Table C.21. pg_stat_statements Columns

Column Type/Description
userid oid (references pg_authid.oid) — OID of the user who executed the statement
dbid oid (references pg_database.oid) — OID of the database in which the statement was executed
queryid bigint — Internal hash code, computed from the statement's parse tree
query text — Text of the statement
plans bigint — Number of times the statement was planned (if pg_stat_statements.track_planning is enabled, otherwise zero)
total_plan_time double precision — Total time spent planning the statement, in milliseconds (if pg_stat_statements.track_planning is enabled, otherwise zero)
min_plan_time double precision — Minimum time spent planning the statement, in milliseconds (if pg_stat_statements.track_planning is enabled, otherwise zero)
max_plan_time double precision — Maximum time spent planning the statement, in milliseconds (if pg_stat_statements.track_planning is enabled, otherwise zero)
mean_plan_time double precision — Mean time spent planning the statement, in milliseconds (if pg_stat_statements.track_planning is enabled, otherwise zero)
stddev_plan_time double precision — Population standard deviation of time spent planning the statement, in milliseconds (if pg_stat_statements.track_planning is enabled, otherwise zero)
calls bigint — Number of times the statement was executed
total_exec_time double precision — Total time spent executing the statement, in milliseconds
min_exec_time double precision — Minimum time spent executing the statement, in milliseconds
max_exec_time double precision — Maximum time spent executing the statement, in milliseconds
mean_exec_time double precision — Mean time spent executing the statement, in milliseconds
stddev_exec_time double precision — Population standard deviation of time spent executing the statement, in milliseconds
rows bigint — Total number of rows retrieved or affected by the statement
shared_blks_hit bigint — Total number of shared block cache hits by the statement
shared_blks_read bigint — Total number of shared blocks read by the statement
shared_blks_dirtied bigint — Total number of shared blocks dirtied by the statement
shared_blks_written bigint — Total number of shared blocks written by the statement
local_blks_hit bigint — Total number of local block cache hits by the statement
local_blks_read bigint — Total number of local blocks read by the statement
local_blks_dirtied bigint — Total number of local blocks dirtied by the statement
local_blks_written bigint — Total number of local blocks written by the statement temp_blks_read bigint — Total number of temporary blocks read by the statement
temp_blks_written bigint — Total number of temporary blocks written by the statement
blk_read_time double precision — Total time spent reading blocks by the statement, in milliseconds (if track_io_timing is enabled, otherwise zero)
blk_write_time double precision — Total time spent writing blocks by the statement, in milliseconds (if track_io_timing is enabled, otherwise zero)
wal_records bigint — Total number of WAL records generated by the statement
wal_fpi bigint — Total number of WAL full page images generated by the statement
wal_bytes numeric — Total number of WAL bytes generated by the statement

For security reasons, only superusers and members of the pg_read_all_stats role are allowed to see the SQL text or queryid of queries executed by other users.
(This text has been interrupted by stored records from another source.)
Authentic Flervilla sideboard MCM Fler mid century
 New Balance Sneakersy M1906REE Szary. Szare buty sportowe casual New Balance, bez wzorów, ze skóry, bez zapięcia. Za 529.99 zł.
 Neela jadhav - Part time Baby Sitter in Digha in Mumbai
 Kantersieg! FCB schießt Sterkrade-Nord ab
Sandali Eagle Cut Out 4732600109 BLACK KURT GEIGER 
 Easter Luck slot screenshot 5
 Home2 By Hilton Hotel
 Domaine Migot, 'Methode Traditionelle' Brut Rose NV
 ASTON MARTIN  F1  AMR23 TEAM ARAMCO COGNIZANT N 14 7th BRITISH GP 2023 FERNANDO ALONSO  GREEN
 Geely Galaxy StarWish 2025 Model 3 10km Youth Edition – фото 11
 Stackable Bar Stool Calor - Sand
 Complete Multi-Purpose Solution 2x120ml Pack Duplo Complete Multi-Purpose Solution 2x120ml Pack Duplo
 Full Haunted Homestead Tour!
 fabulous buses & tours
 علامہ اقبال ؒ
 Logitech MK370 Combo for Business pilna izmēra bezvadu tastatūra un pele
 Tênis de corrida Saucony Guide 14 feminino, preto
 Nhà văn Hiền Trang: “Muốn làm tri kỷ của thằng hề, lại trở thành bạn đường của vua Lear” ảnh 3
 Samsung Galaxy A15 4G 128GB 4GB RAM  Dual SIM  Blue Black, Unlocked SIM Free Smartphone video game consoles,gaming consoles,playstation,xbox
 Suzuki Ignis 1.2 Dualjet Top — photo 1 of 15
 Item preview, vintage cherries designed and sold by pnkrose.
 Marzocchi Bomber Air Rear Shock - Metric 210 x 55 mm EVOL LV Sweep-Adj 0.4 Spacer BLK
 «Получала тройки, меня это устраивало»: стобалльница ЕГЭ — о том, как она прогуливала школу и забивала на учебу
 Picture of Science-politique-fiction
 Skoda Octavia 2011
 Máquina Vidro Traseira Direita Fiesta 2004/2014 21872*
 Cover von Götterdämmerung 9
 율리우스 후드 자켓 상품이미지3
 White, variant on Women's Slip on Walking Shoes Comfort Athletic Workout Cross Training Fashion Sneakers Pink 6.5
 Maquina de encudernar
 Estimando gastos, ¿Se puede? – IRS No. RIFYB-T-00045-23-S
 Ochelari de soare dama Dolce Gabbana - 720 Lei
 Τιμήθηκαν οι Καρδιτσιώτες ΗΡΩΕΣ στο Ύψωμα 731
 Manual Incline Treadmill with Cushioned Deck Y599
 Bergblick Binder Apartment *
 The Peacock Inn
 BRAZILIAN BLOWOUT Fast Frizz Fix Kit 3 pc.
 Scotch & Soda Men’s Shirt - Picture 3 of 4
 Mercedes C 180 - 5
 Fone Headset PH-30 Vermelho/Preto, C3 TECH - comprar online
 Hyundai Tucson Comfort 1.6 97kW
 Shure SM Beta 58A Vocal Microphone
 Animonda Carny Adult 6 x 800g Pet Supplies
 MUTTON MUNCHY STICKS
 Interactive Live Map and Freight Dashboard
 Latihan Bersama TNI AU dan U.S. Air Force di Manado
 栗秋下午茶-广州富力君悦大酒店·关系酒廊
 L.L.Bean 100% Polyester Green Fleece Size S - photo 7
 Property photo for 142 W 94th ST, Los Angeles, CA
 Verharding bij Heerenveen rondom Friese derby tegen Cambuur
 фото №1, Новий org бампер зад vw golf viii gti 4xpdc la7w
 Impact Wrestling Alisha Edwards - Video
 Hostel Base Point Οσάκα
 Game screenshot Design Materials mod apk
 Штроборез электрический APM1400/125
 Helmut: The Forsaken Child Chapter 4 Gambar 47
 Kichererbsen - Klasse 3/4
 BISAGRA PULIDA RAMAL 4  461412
However, if the view is installed in a database accessible to other users, they can see the statistics.

Whenever plannable queries (i.e., SELECT, INSERT, UPDATE, and DELETE) have the same query structure according to an internal hash calculation, they are grouped into a single pg_stat_statements entry. Typically, for the purposes here, two queries are considered identical if they are semantically equivalent except for the text constant values in the query.

However, utility commands (i.e., all other commands) are compared strictly based on their text query string.

When matching a query against other queries, constant values are ignored, and in the pg_stat_statements display they are replaced by a parameter symbol such as $1. The remaining query text is that of the first query that has the specific queryid hash value associated with the pg_stat_statements entry.

In some cases, queries with obviously different text may be merged into a single pg_stat_statements entry. Typically this only happens with semantically equivalent queries, but there is also a small chance that unrelated queries may be merged into an entry due to hash collisions (however, this does not happen for queries belonging to different users or databases).

Since the queryid hash value is computed from the post-parse-analysis expression of the query, the opposite can also be true: if identical text queries have different meanings due to factors such as different search_path settings, they may exist as different entries.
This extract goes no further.